• _WHAT THE TASK ASKS_: Pictures appear among the records. Write out all else exactly as it stands.

--- INPUT FOR THIS TASK Enclosed Below ---

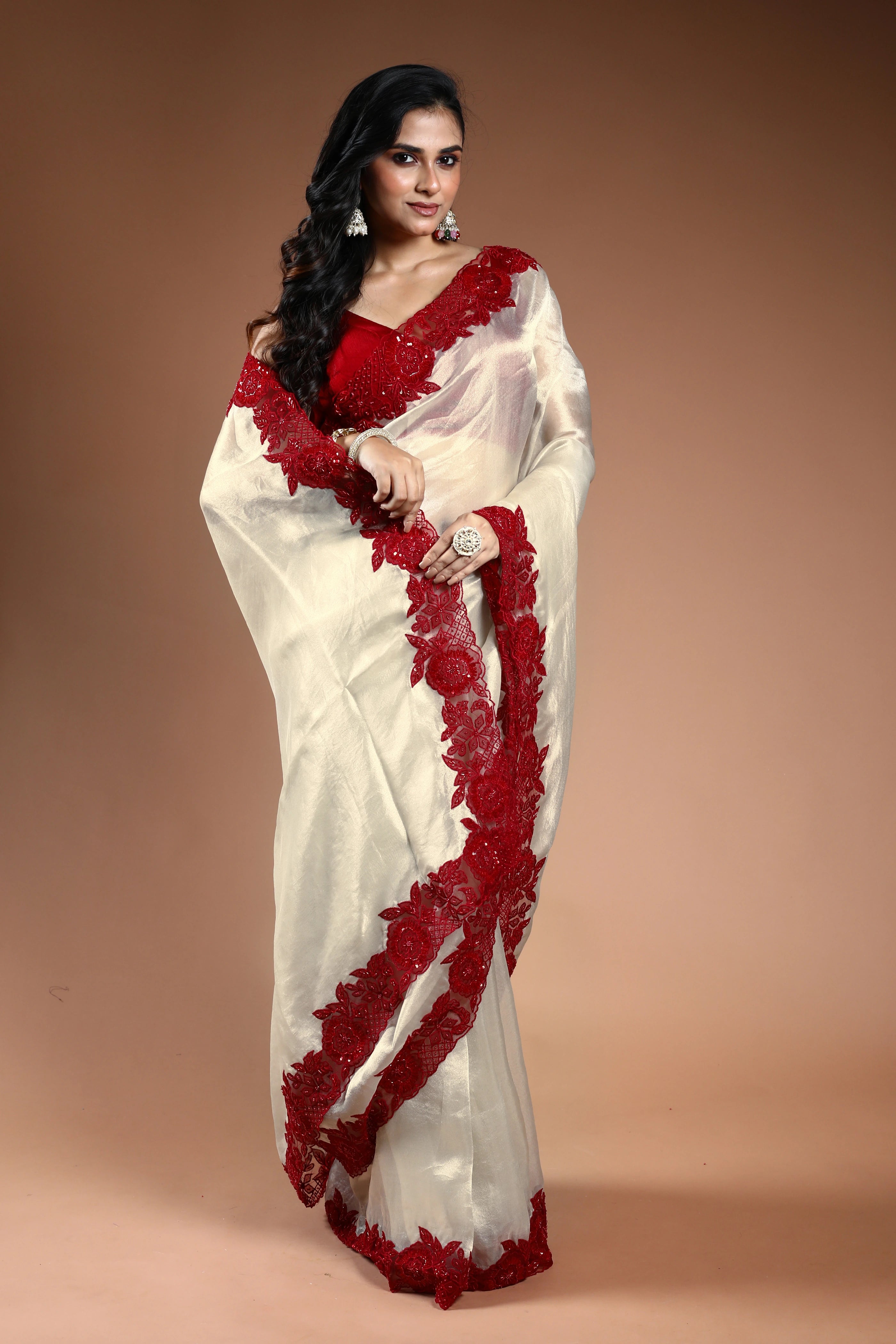 Offwhite Pure organza Saree with Blouse Piece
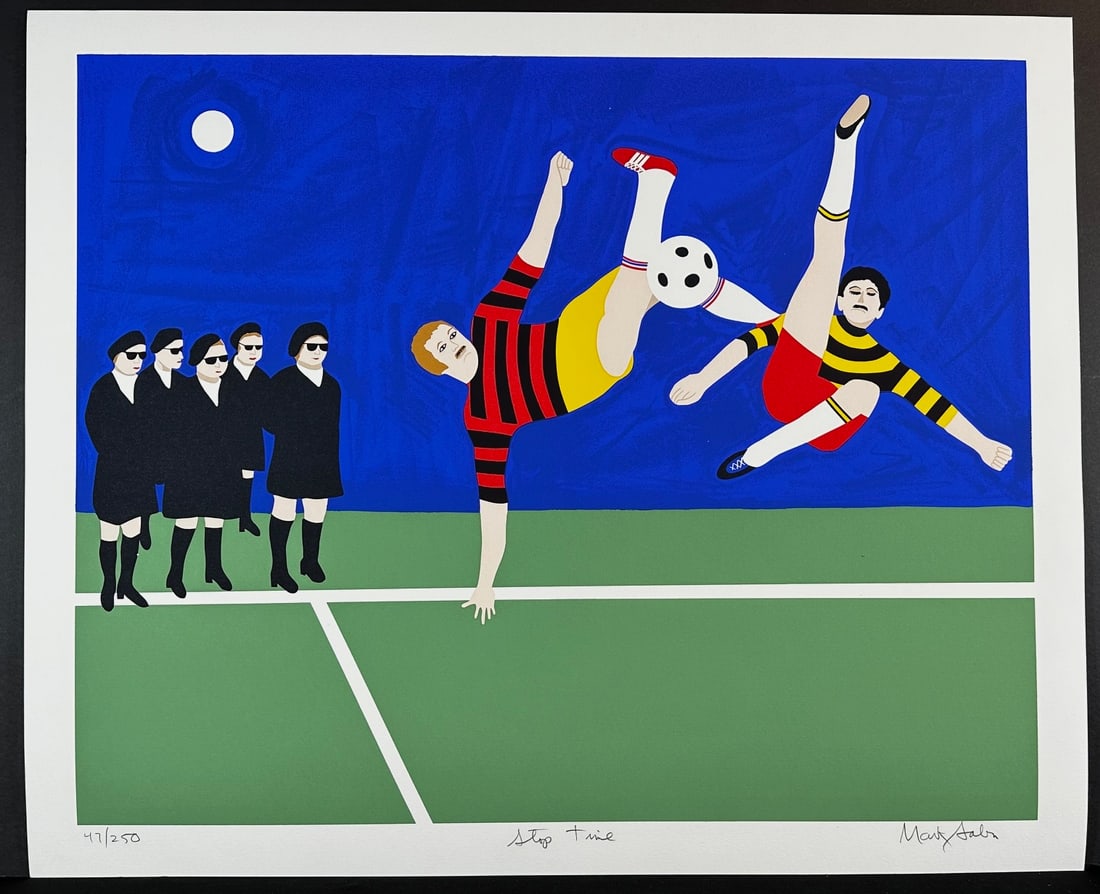 Mark Sabin (1936) Screenprint Stop Time (Soccer) signed (1 of 5)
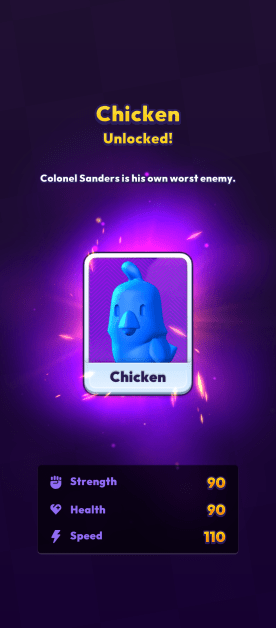 The image features a 'Chicken Unlocked!' screen from a game. The chicken character is represented by a blue, cartoonish 3D model displayed on a card. The stats displayed include Strength, Health & Speed. A humorous caption reads "Colonel Sanders is his own worst enemy.".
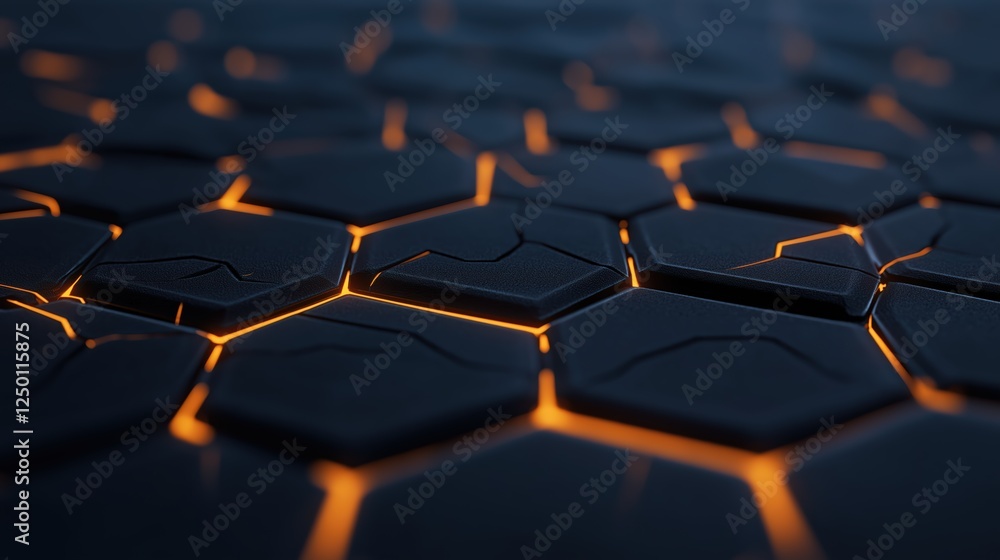 Obraz premium Glowing Orange Hexagon Pattern Dark Backgrounds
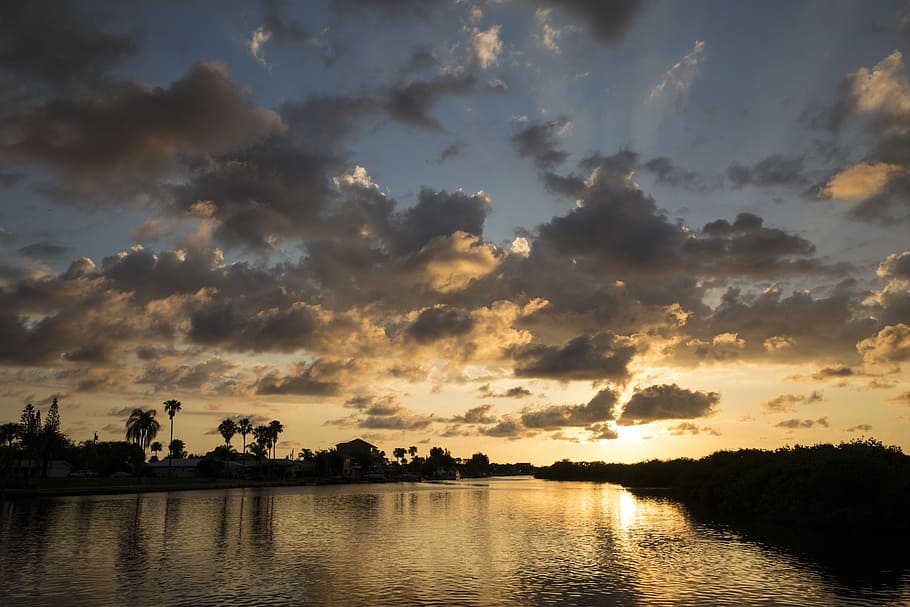 sunset, clouds, sky, florida, dramatic, evening, dusk, water HD wallpaper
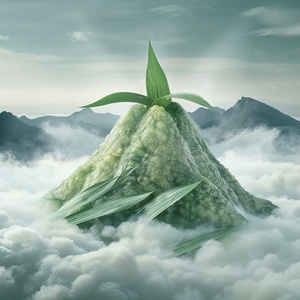 A giant Zongzi in the shape of mountain peak, with green leaves on top and surrounded by clouds, misty mountains in background, food photography, detailed, surreal, digital art, high resolution, bright colors, high angle view,cinematic lighting, photo realistic, symmetrical composition, fantasy, magical realism, fresh green, golden yellow, soft light.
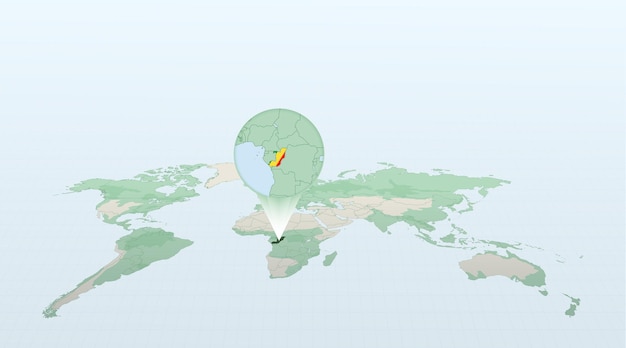 World map in perspective showing the location of the country Congo with detailed map with flag of Congo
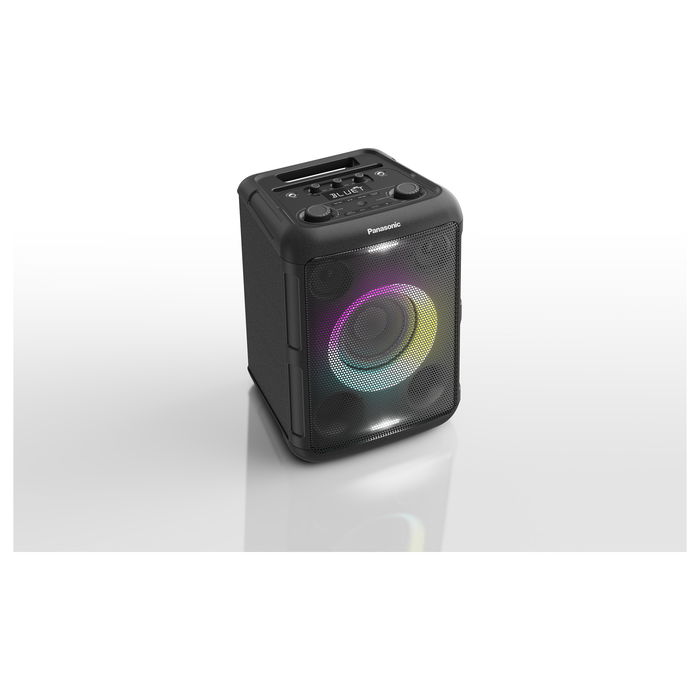 Panasonic SC-BMAX5E-K - Altavoz Bluetooth Inalámbrico Portátil, 2.1 Canales 75W RMS, Conectividad Bluetooth 5.0 y Auxiliar, con Batería, Radio FM, LED, Color Negro
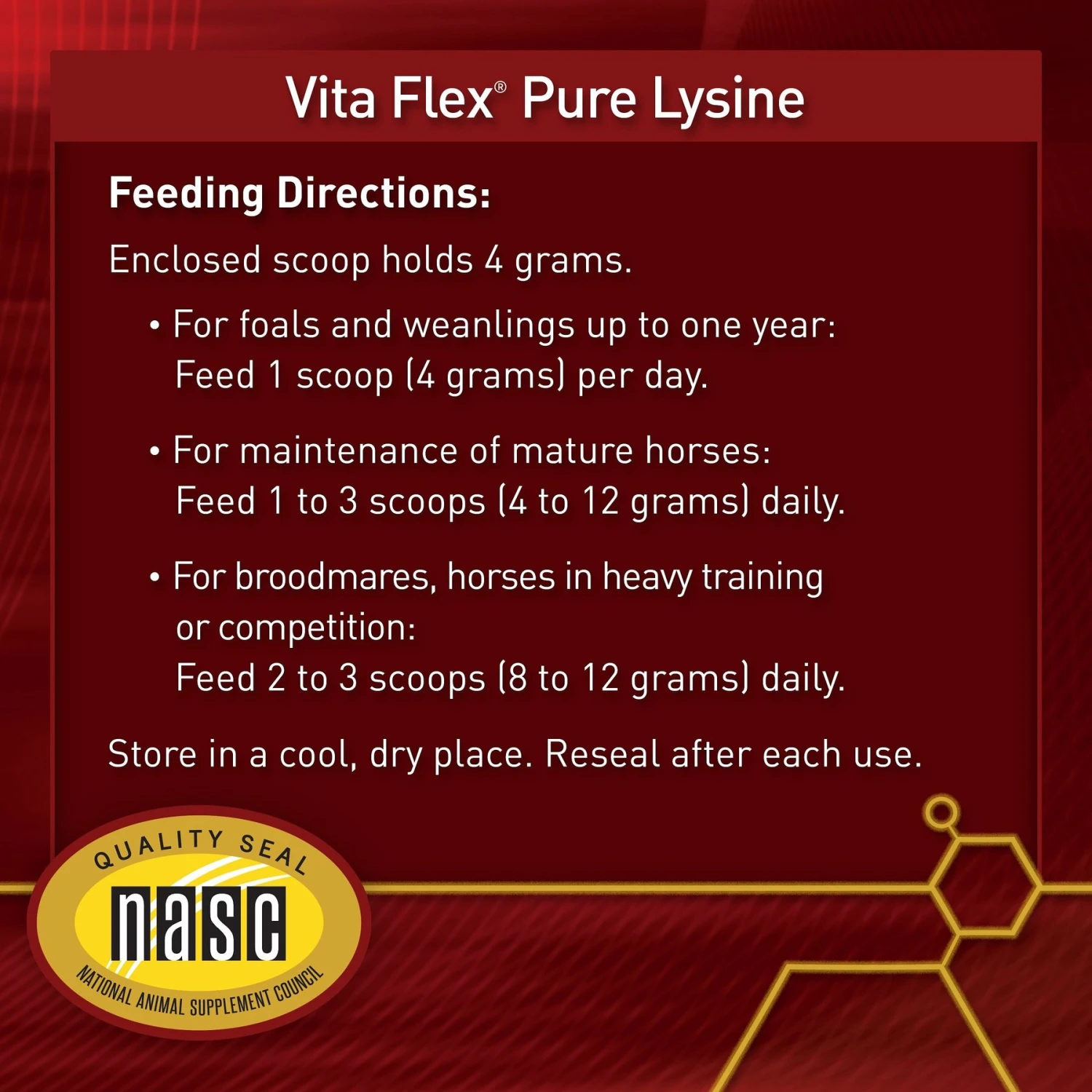 Vita Flex Pro Pure Lysine Amino Acid Powder Horse Supplement 151 Day Supply, 4-lb Bucket 7 Vita Flex Pro Pure Lysine Amino Acid Powder Horse Supplement 151 Day Supply, 4-lb Bucket - Image 7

--- End of Enclosed INPUT FOR THIS TASK ---

• _EXERCISE OUTPUT_:
 Offwhite Pure organza Saree with Blouse Piece
 Mark Sabin (1936) Screenprint Stop Time (Soccer) signed (1 of 5)
 The image features a 'Chicken Unlocked!' screen from a game. The chicken character is represented by a blue, cartoonish 3D model displayed on a card. The stats displayed include Strength, Health & Speed. A humorous caption reads "Colonel Sanders is his own worst enemy.".
 Obraz premium Glowing Orange Hexagon Pattern Dark Backgrounds
 sunset, clouds, sky, florida, dramatic, evening, dusk, water HD wallpaper
 A giant Zongzi in the shape of mountain peak, with green leaves on top and surrounded by clouds, misty mountains in background, food photography, detailed, surreal, digital art, high resolution, bright colors, high angle view,cinematic lighting, photo realistic, symmetrical composition, fantasy, magical realism, fresh green, golden yellow, soft light.
 World map in perspective showing the location of the country Congo with detailed map with flag of Congo
 Panasonic SC-BMAX5E-K - Altavoz Bluetooth Inalámbrico Portátil, 2.1 Canales 75W RMS, Conectividad Bluetooth 5.0 y Auxiliar, con Batería, Radio FM, LED, Color Negro
 Vita Flex Pro Pure Lysine Amino Acid Powder Horse Supplement 151 Day Supply, 4-lb Bucket 7 Vita Flex Pro Pure Lysine Amino Acid Powder Horse Supplement 151 Day Supply, 4-lb Bucket - Image 7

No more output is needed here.